* [BRIEF] Please repeat nothing except the lines from the one containing "Schönes blondes Mädchen" through the end of the records, exactly and without pictures.

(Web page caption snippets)
== Segment start ==

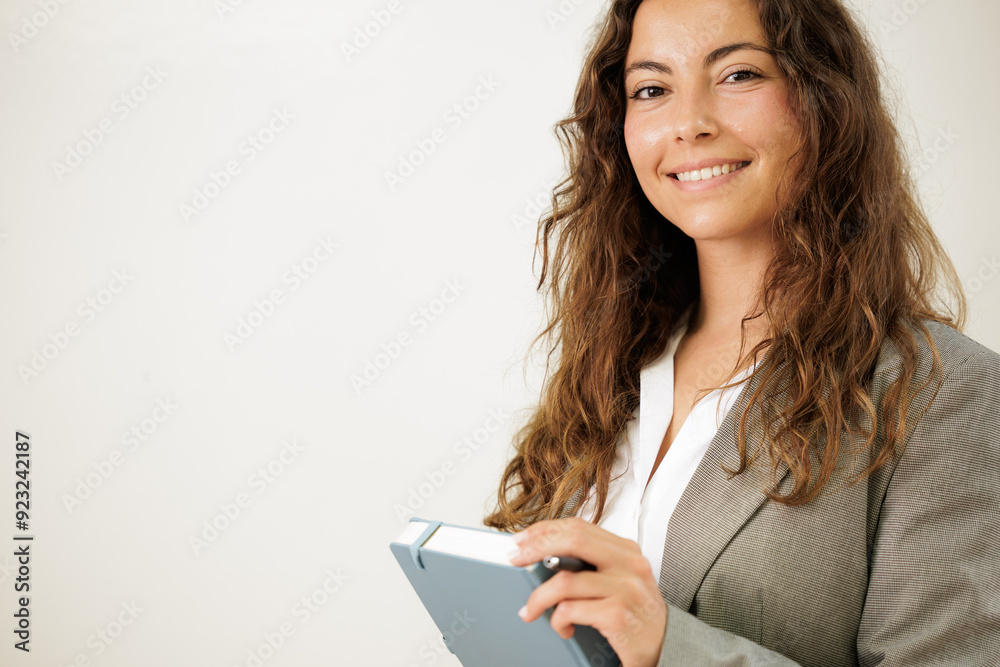 Teacher or young businesswoman has her agenda in her hands. She is going to present the work organization in front of her team. She smiles at the camera. Copy space. Close up.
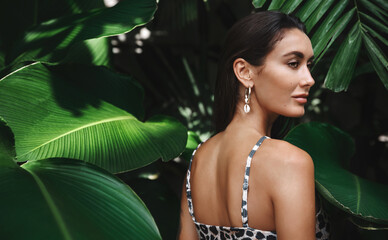 Poster - Tropical vacation and travelling concept. Young brunette woman with tanned skin, wearing bikini on tropic nature, standing near palm jungle leaves and looking aside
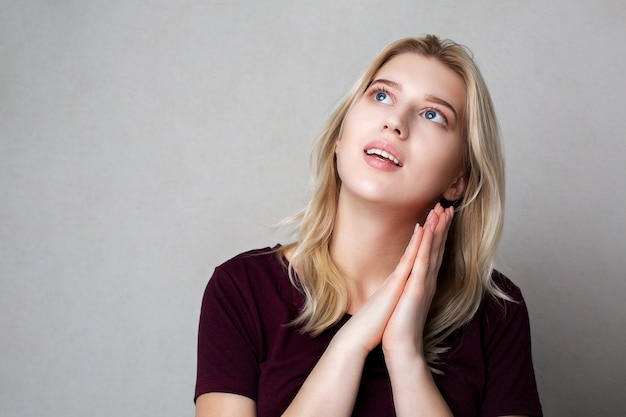 Schönes blondes Mädchen träumt. Studioaufnahme auf grauem Hintergrund. Freiraum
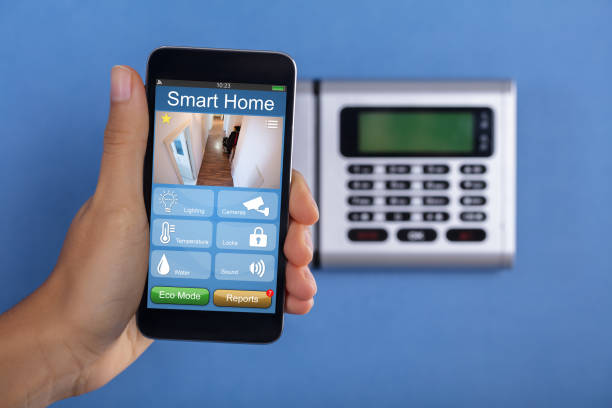 istock Person Holding Mobile Phone With Home Security Application 905726900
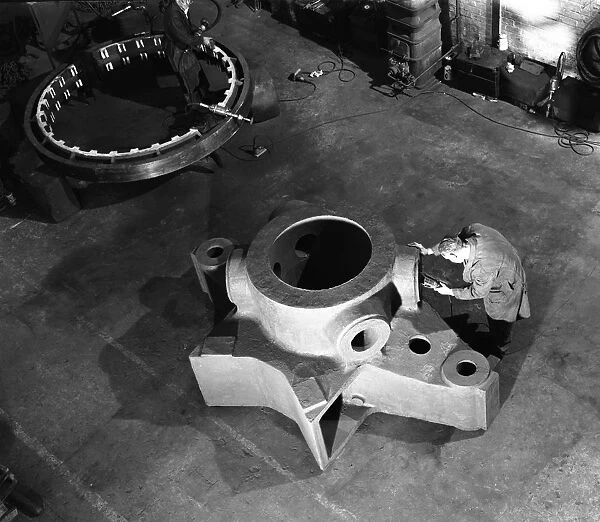 Inspecting a large precision steel casting, Sheffield, South Yorkshire, 1961. Artist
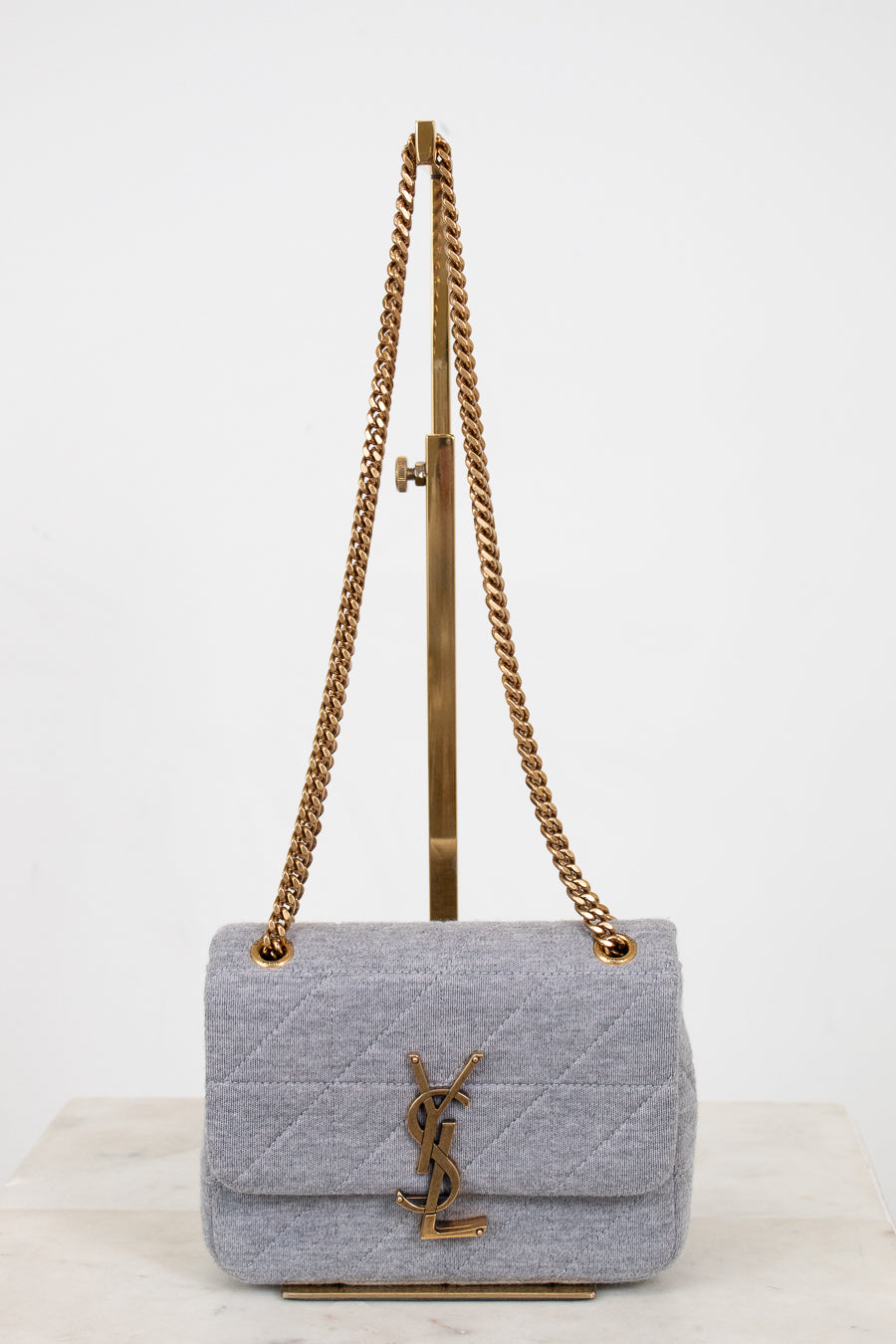 Gray quilted YSL handbag with gold chain strap on a white background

== Segment end ==

* [PROBLEM SOLUTION]
 Schönes blondes Mädchen träumt. Studioaufnahme auf grauem Hintergrund. Freiraum
 istock Person Holding Mobile Phone With Home Security Application 905726900
 Inspecting a large precision steel casting, Sheffield, South Yorkshire, 1961. Artist
 Gray quilted YSL handbag with gold chain strap on a white background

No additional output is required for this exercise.